Les communiqués de la Réserve fédérale (Fed) et les discours de ses gouverneurs ou de ses présidents régionaux portent en général sur les nombreuses facettes de la conjoncture américaine.

Le procès-verbal de la réunion des 15 et 16 mars du Comité de politique monétaire, publié hier, se distingue par les profondes préoccupations de ses membres à propos des risques que posent les difficultés économiques de beaucoup de pays émergents sur les perspectives de l'économie américaine, tant en matière de croissance que de faible inflation.

Ainsi, de nombreux participants sont d'avis que la consommation des ménages sera en partie neutralisée par la faiblesse des exportations associée à une croissance internationale médiocre et à l'appréciation du billet vert depuis le milieu de 2014.

Plusieurs sont aussi d'avis que des facteurs extérieurs qui ont nourri la détérioration globale des marchés financiers en début d'année sont encore présents et représentent des risques baissiers.

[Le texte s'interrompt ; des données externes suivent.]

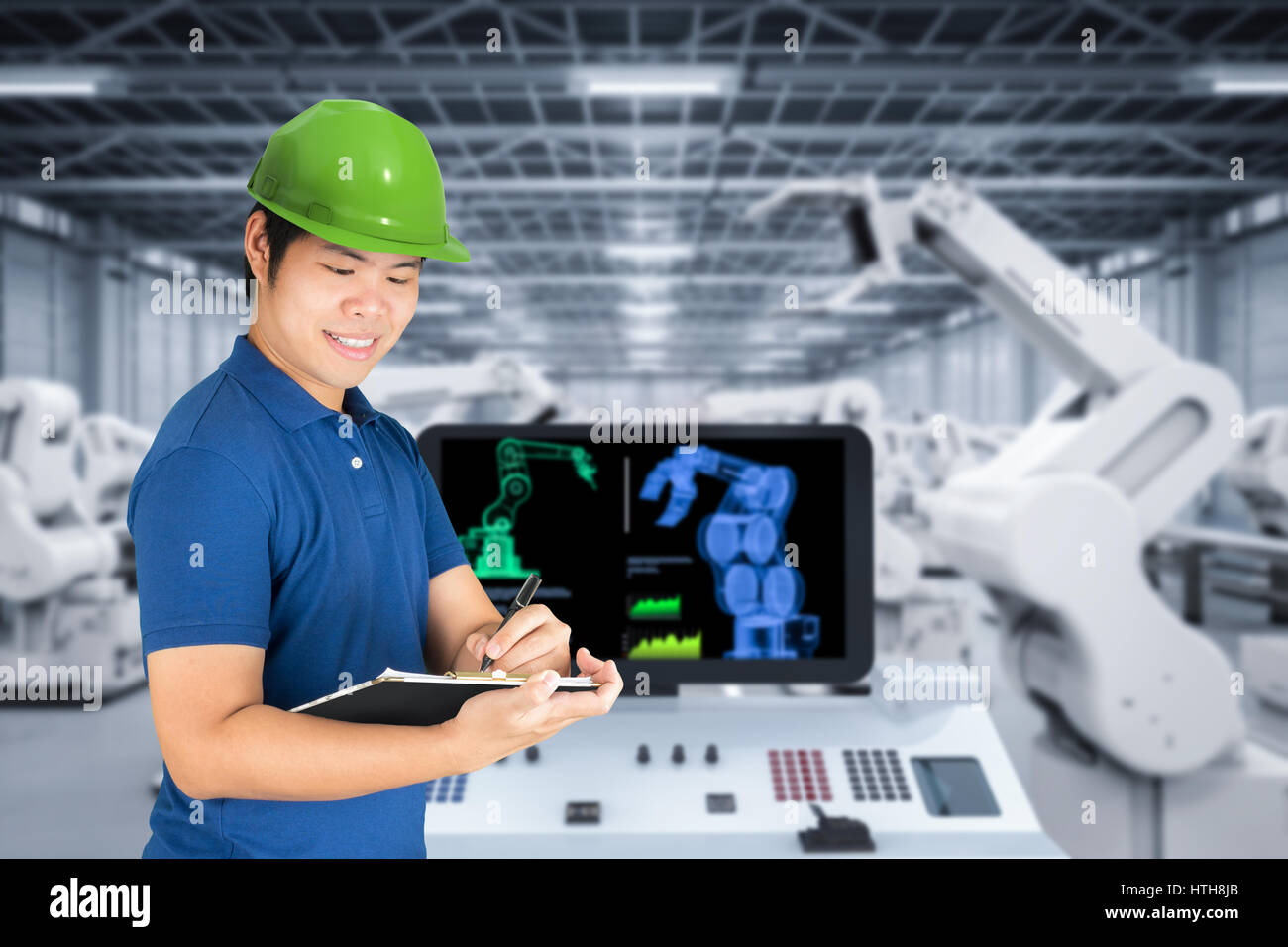 Fabrik-Ingenieur arbeitet mit Roboterarm in Fabrik Stockfoto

On lit ailleurs dans ce compte rendu que la plupart des participants jugent que la croissance mondiale sera sans doute plus lente que ce qui avait été anticipé en décembre.

Dès lors, on ne sera guère surpris que beaucoup de participants estiment qu'une démarche plus lente de normalisation du taux directeur que celle projetée en décembre paraisse désormais plus indiquée pour la réalisation du double mandat de la Fed, à savoir maximiser l'emploi tout en stabilisant les prix.

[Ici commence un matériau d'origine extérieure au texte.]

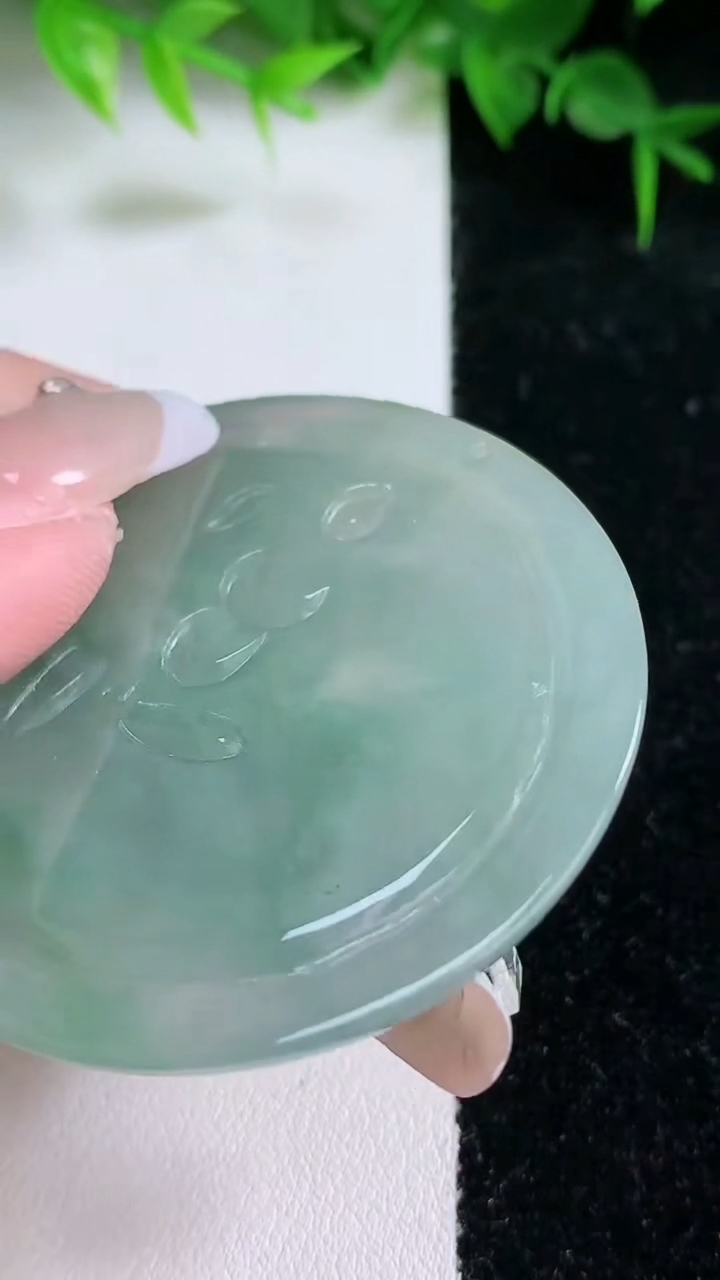 天然A货翡翠文殊菩萨吊坠，尺寸50.8-4.8，重:25.10g
3月10日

Des risques accrus sur les perspectives de croissance expliquent aussi en partie pourquoi les attentes inflationnistes restent en deçà de l'objectif d'augmentation annuelle de 2 % de l'indice des dépenses personnelles de consommation, la mesure de référence de l'inflation retenue par les autorités monétaires américaines.

La majorité des 17 membres du Comité font valoir que, dans un pareil contexte, la marge de manoeuvre actuelle de la Fed est asymétrique. Il lui sera facile d'accélérer le rythme d'augmentation des taux, si d'aventure l'inflation se raffermit plus vite qu'escompté.

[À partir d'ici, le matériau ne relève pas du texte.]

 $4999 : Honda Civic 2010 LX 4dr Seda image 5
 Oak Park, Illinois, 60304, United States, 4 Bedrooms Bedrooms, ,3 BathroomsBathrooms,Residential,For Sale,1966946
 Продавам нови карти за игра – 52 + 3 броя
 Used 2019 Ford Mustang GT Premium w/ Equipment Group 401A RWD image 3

En revanche, dans la fourchette actuelle de 0,25 à 0,50 %, il reste peu d'espace pour assouplir davantage les conditions monétaires par les moyens orthodoxes, si les pressions déflationnistes devaient se raffermir.

Cela laisse croire que la Fed paraît convaincue que le taux actuel parviendra à relancer les prix vers leur cible d'augmentation et qu'elle est même disposée à tolérer un certain temps un taux d'inflation qui pourrait dépasser sa cible de 2 %. C'est une possibilité réelle à moyen terme, étant donné que le dollar américain a cessé de s'apprécier par rapport à la plupart des grandes devises et que le prix du pétrole semble avoir trouvé son creux.

Voilà pourquoi la projection médiane du rythme de normalisation des Fed Fund Rates prévoit deux hausses de 25 centièmes de la fourchette cette année, plutôt que quatre comme les membres l'avaient projeté en décembre.

La décision de ne pas hausser le taux à cette réunion a été prise par neuf voix contre une. La gouverneure Esther L. George a expliqué sa dissidence en faisant valoir que la situation actuelle était conforme aux objectifs à long terme de la Fed et que le marché du travail s'est considérablement renforcé.

Le procès-verbal révèle qu'une autre personne parmi les sept membres non votants partage aussi cette vue.

Compte tenu du penchant bien connu de la présidente de la Fed Janet Yellen pour une politique monétaire très accommodante, il est bien possible que d'autres membres au sein du Comité choisissent d'attendre encore un peu avant d'exprimer publiquement leurs vues en faveur d'une normalisation un peu plus dynamique.

Cela présume d'un probable statu quo à la prochaine réunion des 26 et 27 avril, mais que les échanges au sein du Comité seront de plus en plus musclés à compter de juin, surtout si se maintient la volonté d'une majorité de membres de rester plus longtemps en touche.